Instructions for the task
Output the data in full. Keep every word exact and exclude the pictures.

· · · · ·

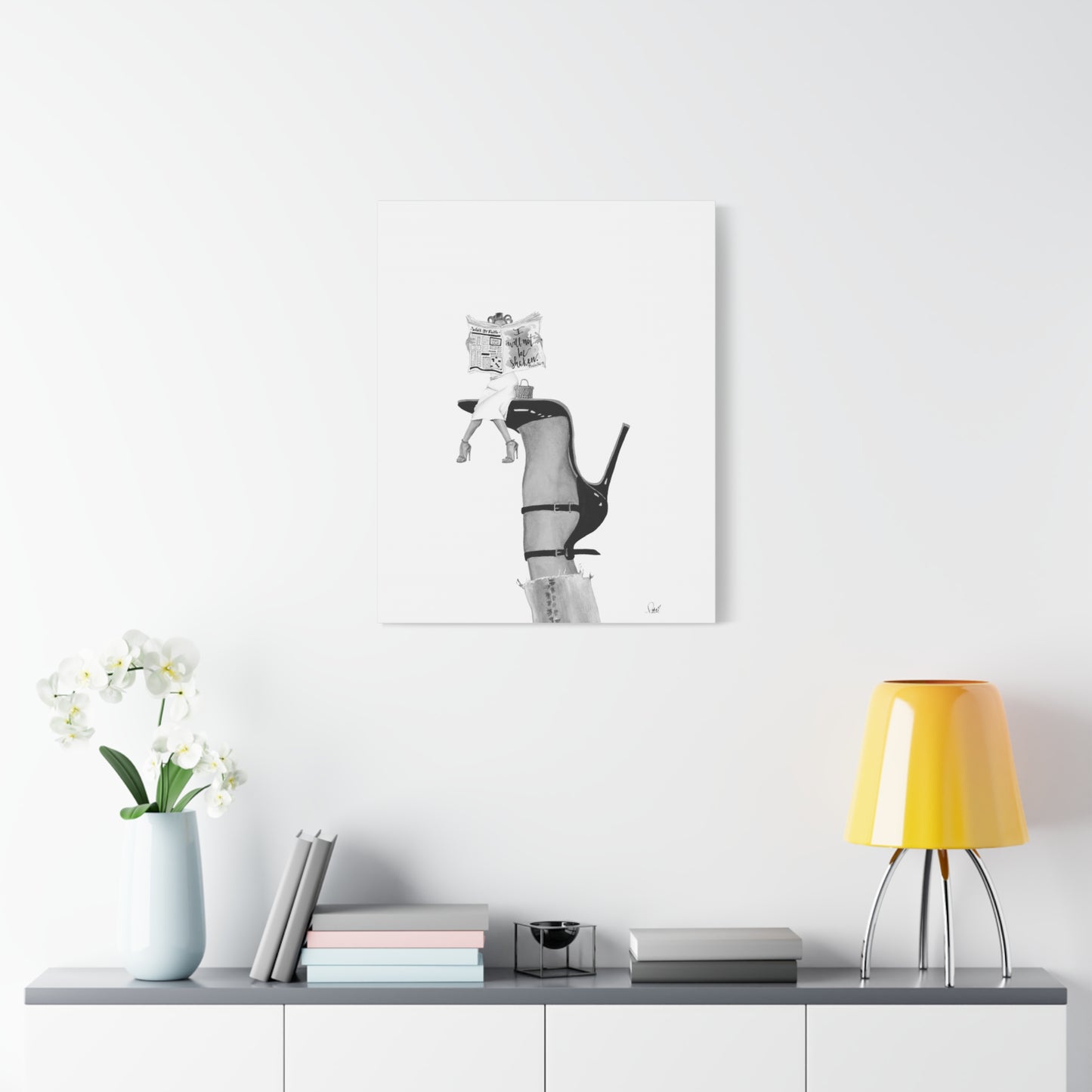 Glossy Not Shaken Matte Canvas, Stretched, 1.25"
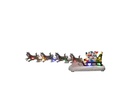 Konstsmide LED-Figur Schneemann mit Schlitten, 38 cm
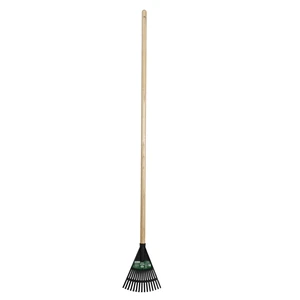 Expert Gardener 8-Inch Wood and Poly Shrub Leaf Rake Expert Gardener 8-Inch Wood and Poly Shrub Leaf Rake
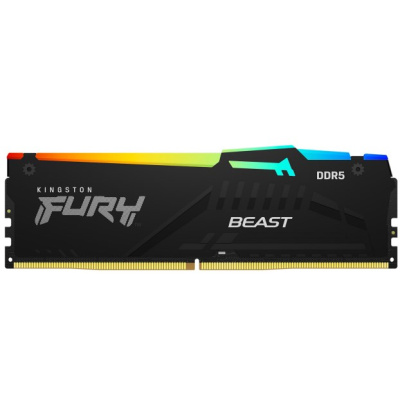 KINGSTON DIMM DDR5 64GB (Kit of 4) 6000MT/s CL40 FURY Beast RGB XMP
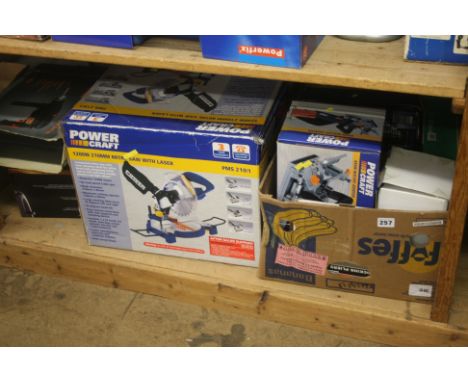 Large shelf of boxed tools.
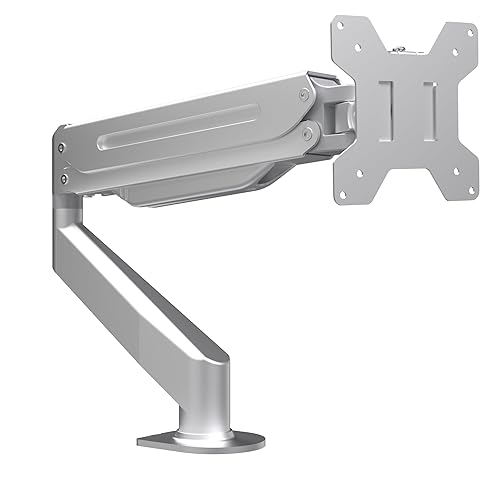 Blue monitor arm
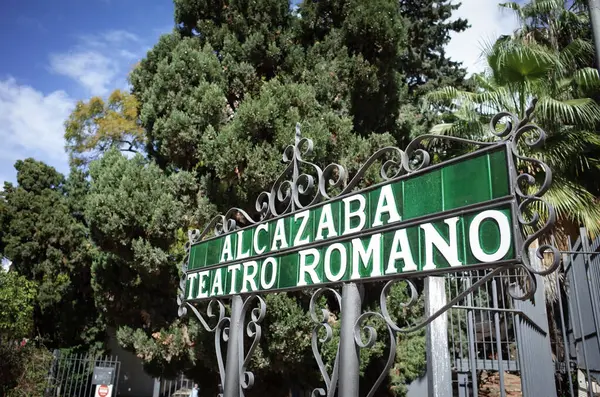 Malaga, Endülüs, Costa de Sol, İspanya. Malaga City 'den şehir manzarası. Alcazaba ve Roma Tiyatrosu İşareti. 9 Mart 2025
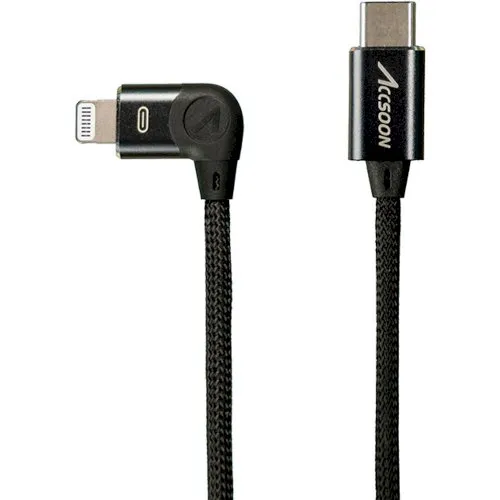 Accsoon XC-UIT02-CL USB-C to Lightning Cable - 11"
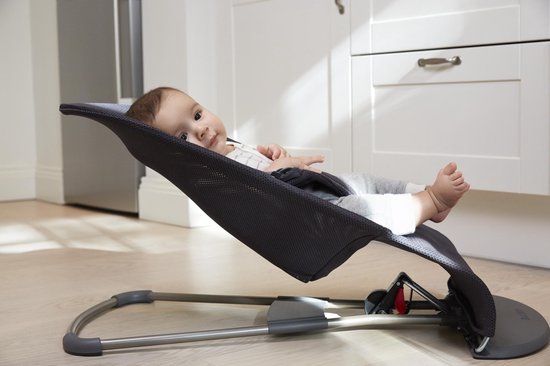 BabyBjörn Wipstoel Bliss - Mesh - Antraciet - Ergonomisch - Verstelbaar - Inklapbaar — afbeelding 2
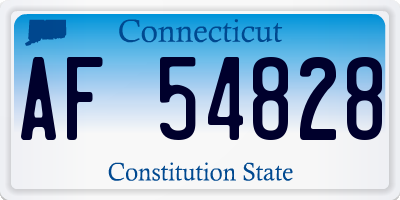 CT license plate AF54828
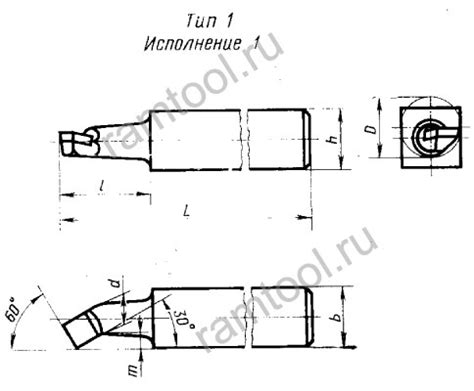 Резец расточной токарный для сквозных отверстий ГОСТ 18882-73 с ...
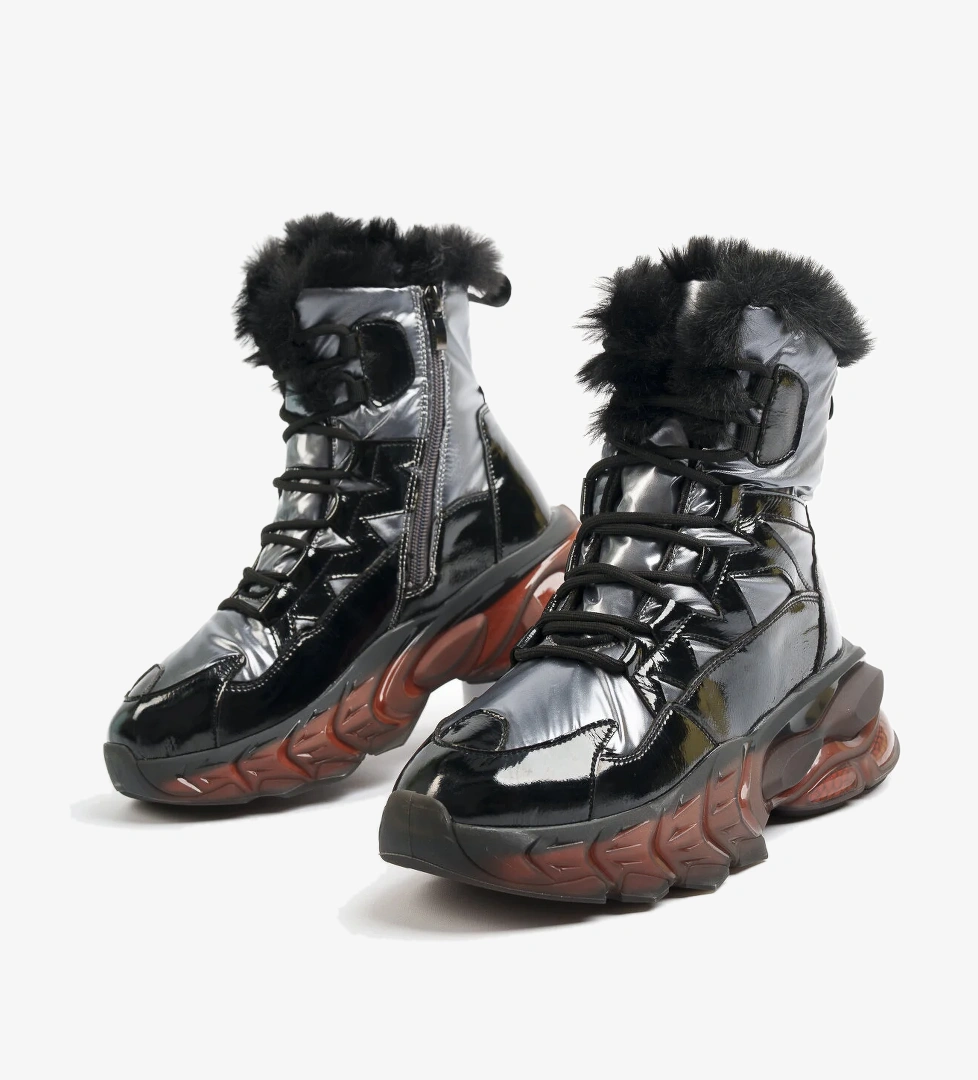 Khayt Eskimo Su Geçirmez Kürklü Kaymaz Taban Kadın Kar Botu model görseli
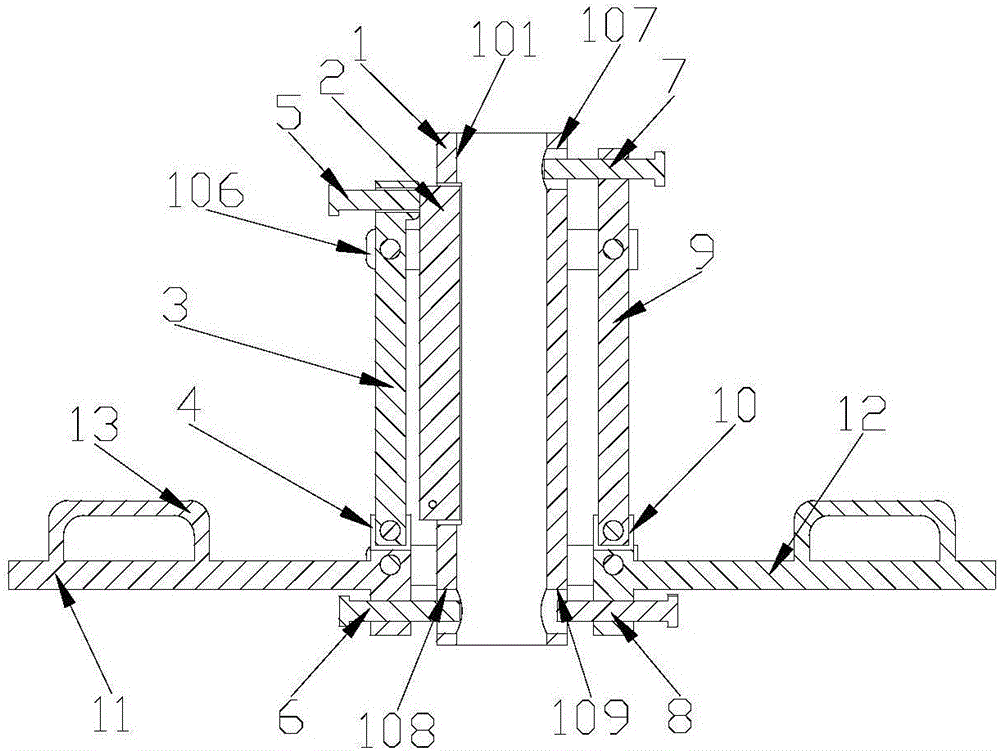 Tubular lever pressurized climbing rope device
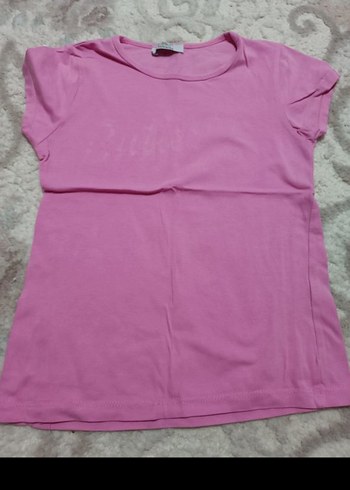 Kız Çocuk Pembe Kısa Kollu Tişört - Görsel 9
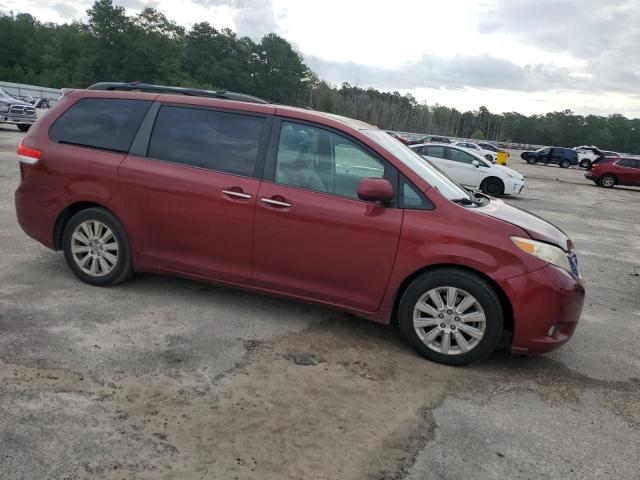 5TDYK3DC4CS262821 - 2012 TOYOTA SIENNA XLE 勃艮第红 照片 4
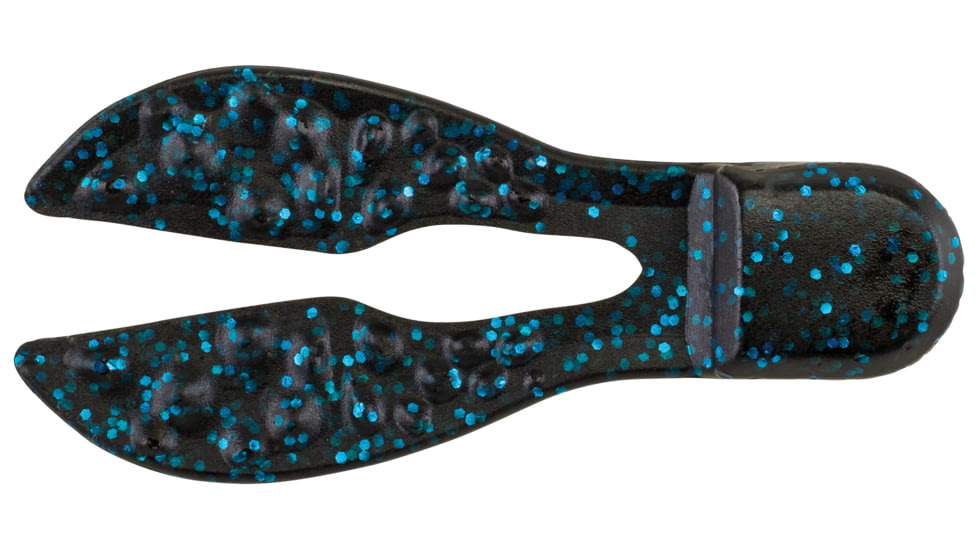 Berkley PowerBait Meaty Chunk Soft Bait, 6, 3.5in, Black Blue Fleck, PBBMC4-BBF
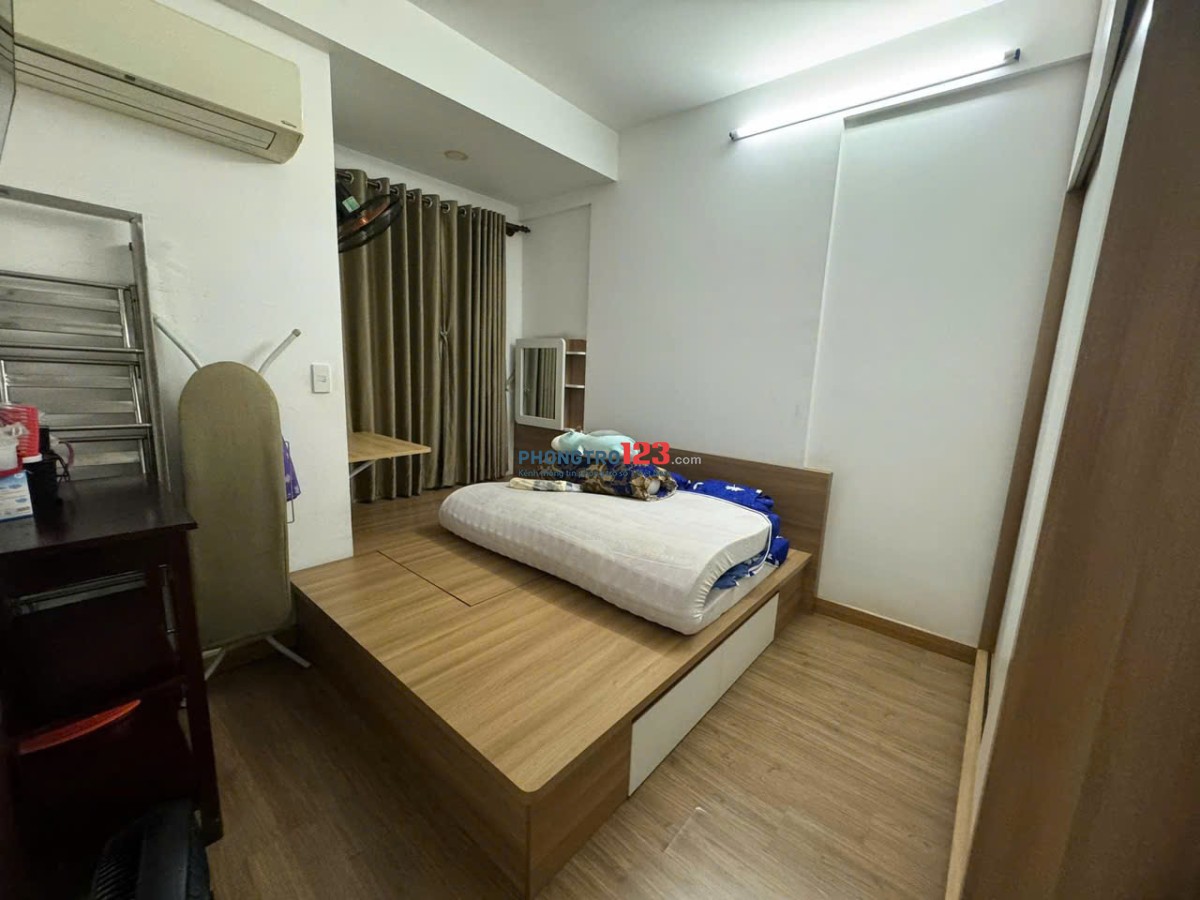 Chung cư Vũ Huy Tấn, P3, Bình Thạnh: 50m2, 1p ngủ, NT, 8tr5/th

· · · · ·

Problem solution
 Glossy Not Shaken Matte Canvas, Stretched, 1.25"
 Konstsmide LED-Figur Schneemann mit Schlitten, 38 cm
 Expert Gardener 8-Inch Wood and Poly Shrub Leaf Rake Expert Gardener 8-Inch Wood and Poly Shrub Leaf Rake
 KINGSTON DIMM DDR5 64GB (Kit of 4) 6000MT/s CL40 FURY Beast RGB XMP
 Large shelf of boxed tools.
 Blue monitor arm
 Malaga, Endülüs, Costa de Sol, İspanya. Malaga City 'den şehir manzarası. Alcazaba ve Roma Tiyatrosu İşareti. 9 Mart 2025
 Accsoon XC-UIT02-CL USB-C to Lightning Cable - 11"
 BabyBjörn Wipstoel Bliss - Mesh - Antraciet - Ergonomisch - Verstelbaar - Inklapbaar — afbeelding 2
 CT license plate AF54828
 Резец расточной токарный для сквозных отверстий ГОСТ 18882-73 с ...
 Khayt Eskimo Su Geçirmez Kürklü Kaymaz Taban Kadın Kar Botu model görseli
 Tubular lever pressurized climbing rope device
 Kız Çocuk Pembe Kısa Kollu Tişört - Görsel 9
 5TDYK3DC4CS262821 - 2012 TOYOTA SIENNA XLE 勃艮第红 照片 4
 Berkley PowerBait Meaty Chunk Soft Bait, 6, 3.5in, Black Blue Fleck, PBBMC4-BBF
 Chung cư Vũ Huy Tấn, P3, Bình Thạnh: 50m2, 1p ngủ, NT, 8tr5/th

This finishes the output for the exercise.